Here's some Clint Eastwood trivia you may not have known:
- Eastwood wore the same poncho, without ever having washed it, in all three of his man with no name western movies.
- It's somewhat ironic, given his penchant towards directing or starring in westerns, that his name, Clint Eastwood, is an anagram for 'old west action.'
- Until it was displaced by the discovery of a larger version of the same tree in 2002, Eastwood used to be proud owner of the tree believed to be the nation's largest known hardwood--a bluegum eucalyptus.
- In Back To The Future Part III (1990), when Doc and Marty are at the drive-in preparing the DeLorean for the trip to 1885, Marty mentions Clint Eastwood and Doc replies that he's never heard of him. In this shot there is a movie poster on the drive-in's wall showcasing the movie Revenge Of The Creature (1955) which features an appearance by a young Clint Eastwood.
- His role in A Fistful of Dollars (1964) was first offered to Henry Fonda and Charles Bronson.
- Saul Rubinek asks Eastwood how he chose the order in which to shoot six deputies in Unforgiven (1992).
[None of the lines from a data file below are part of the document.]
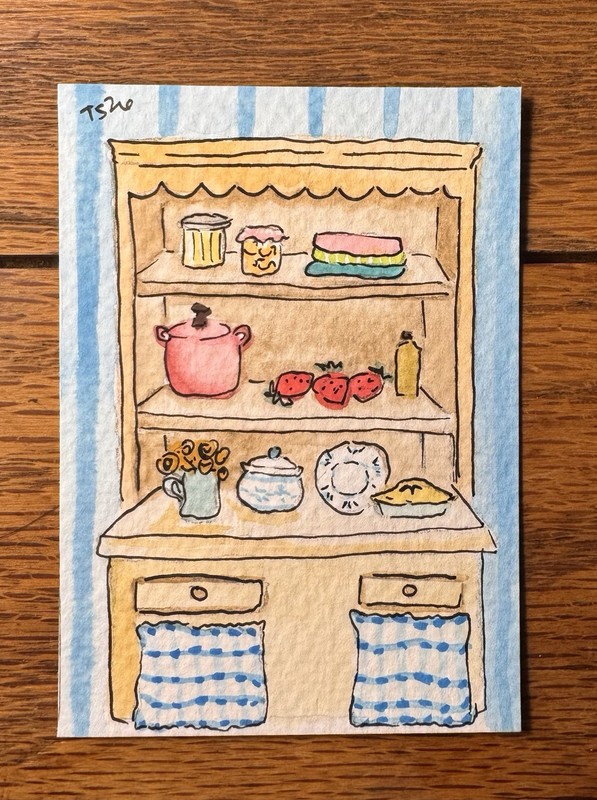ACEO Original, Kitchen Hutch, Watercolor Painting, 2.5x3.5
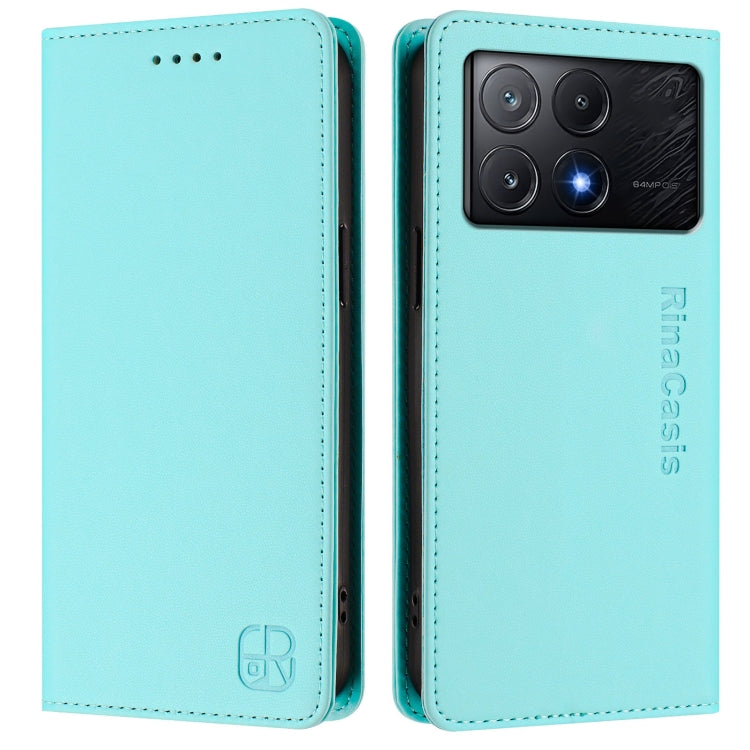 For Xiaomi Poco X6 Pro / Redmi K70E RC01 Dual-Folded Magnetic Suction RFID Leather Phone Case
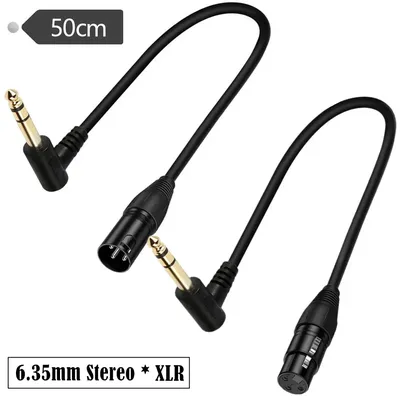 90 Degree Right Angle 1/4 Inch TRS to XLR Male Balanced Signal Interconnect Cable Quarter inch to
Eastwood replies that he got lucky. This is a sly reference to Eastwood's earlier film The Outlaw Josey Wales (1976), in which Chief Dan George asks Eastwood how he chose the order in which to shoot four Union soldiers, and Eastwood responds with a lengthy explanation about their various holsters and the looks in their eyes.
- He was considered for the role of Harmonica in Once Upon a Time in the West (1969). The roll was eventually played by Charles Bronson.